= Exercise details =
Begin with the line that holds "Кнопка открывания багажника Skoda Rapid" and retype through the last line of the listing below, exactly; pictures are not part of the copy.
++++ Dataset content
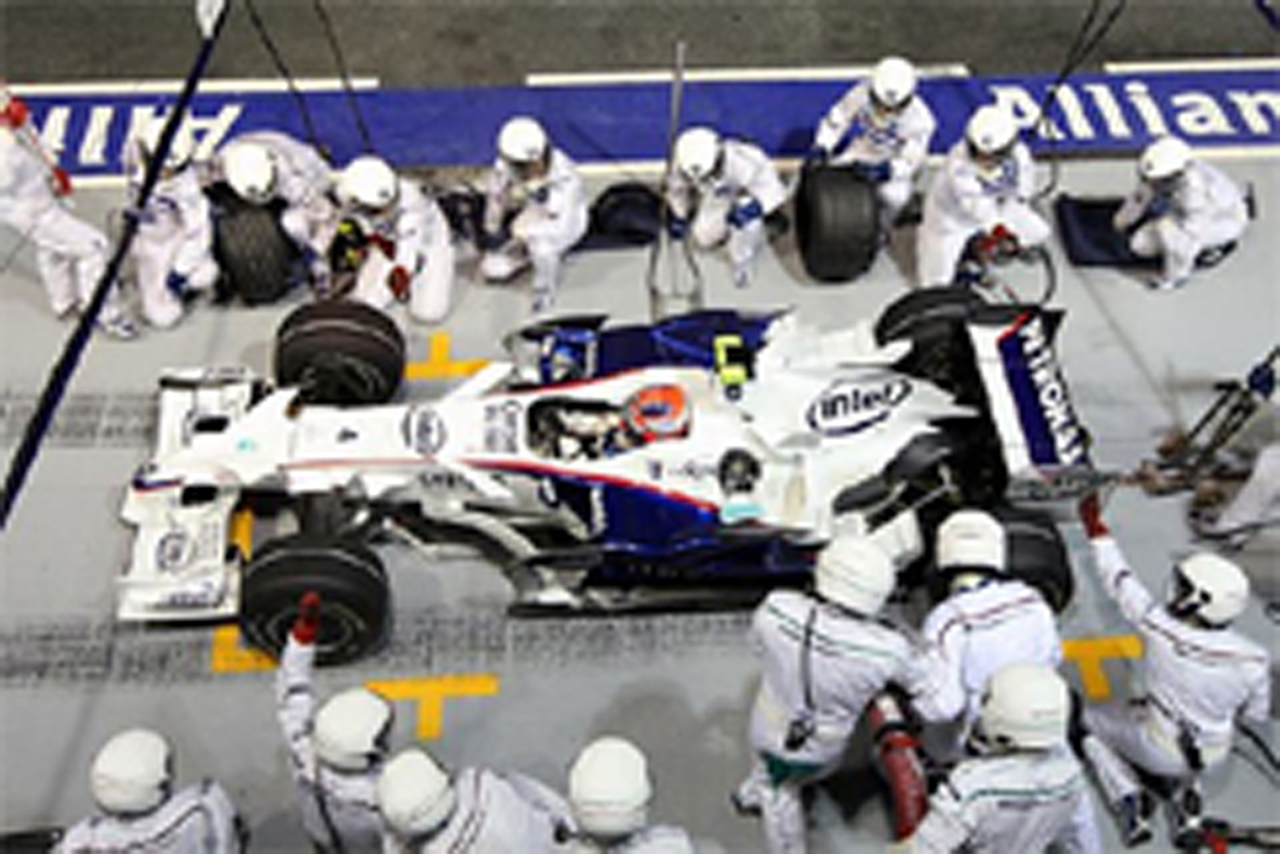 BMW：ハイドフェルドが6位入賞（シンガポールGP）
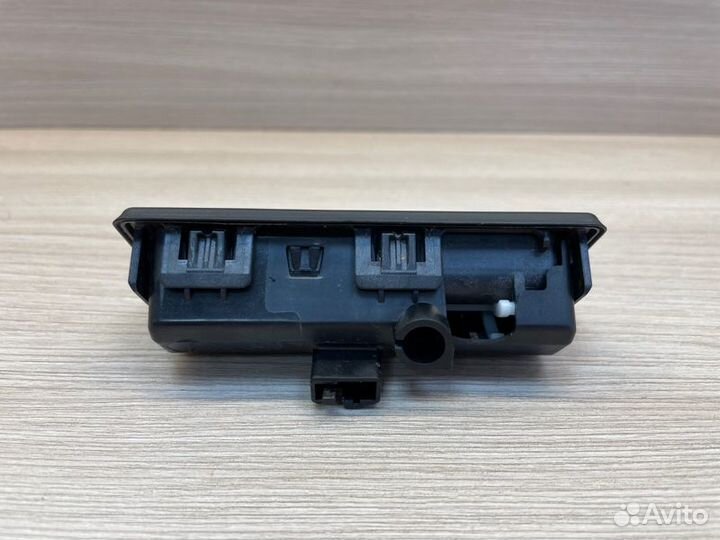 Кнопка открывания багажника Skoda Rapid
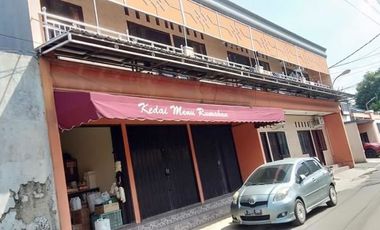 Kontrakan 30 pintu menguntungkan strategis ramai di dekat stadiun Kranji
++++++++
= Response below =
 Кнопка открывания багажника Skoda Rapid
 Kontrakan 30 pintu menguntungkan strategis ramai di dekat stadiun Kranji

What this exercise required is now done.